An easy five minute stroll into Honfleur which is a delightful little town for an evening stretch of the legs and a glass of something tasty. :wink:

Almost no detour either and about 170 miles from Calais.

Dave


----------



## vanny (Feb 23, 2009)

Thanks Dave, that sounds spot on!

Paul


----------



## Zebedee (Oct 3, 2007)

Glad to help Vanny.

It's very popular and gets a bit scruffy at times, but it's so big you are almost sure to find a spot.

If you haven't been to Honfleur it's almost a "must see".

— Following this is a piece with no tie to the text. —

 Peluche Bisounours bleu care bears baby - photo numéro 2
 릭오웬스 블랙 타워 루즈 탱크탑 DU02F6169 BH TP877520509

Head for Le Vieux Bassin - and hope the Viking Longship replica is still there. :wink: 

Dave


----------



## KeithChesterfield (Mar 12, 2010)

Honfleur is now €9 per night inc EHU.

Over the bridge and room for over 200 MHs.


----------



## rugbyken (Jan 16, 2006)

the main aire at honfleurjust after the lidl should tick most boxes, and the wooden cathedral built by the shipwrights is well worth a look, but just in case at the island to turn down to honfleur after the pont de normandy, if you turn right in about a mile on the left at fiquefleur there is another aire not normally as crowded.


----------



## ojibway (May 9, 2005)

Hi Vanny
Honfleur is a great place to stop and spend a couple of days. Gets very full but you can usually find a spot though probably all the electric points will have been taken!
At le Mont Saint Michel there is a huge aire just by the Mont or you can stay at the private aire next to the campsite. Its like a proper campsite but for motorhomes only - very reasonable (7eu last time we were there) and electric hookups and water included!
Have a great time! 
We are off to France in 10 days, heading whichever way the van chooses to go!
Mike and Annie


----------



## spencer (Feb 2, 2009)

Hi vanny,


Deauville(unoffical Aire) at the marina FREE you can generally get in there, or try Arromanche next to the 360 degree cinema on top of the cliffs ( lovely views ) there is an aire in the town but always crowded but they allow you to use the car park oppersite, and last of all there is a campsite in the town all well sign posted. good luck hope this helps.

Regards Bryn


----------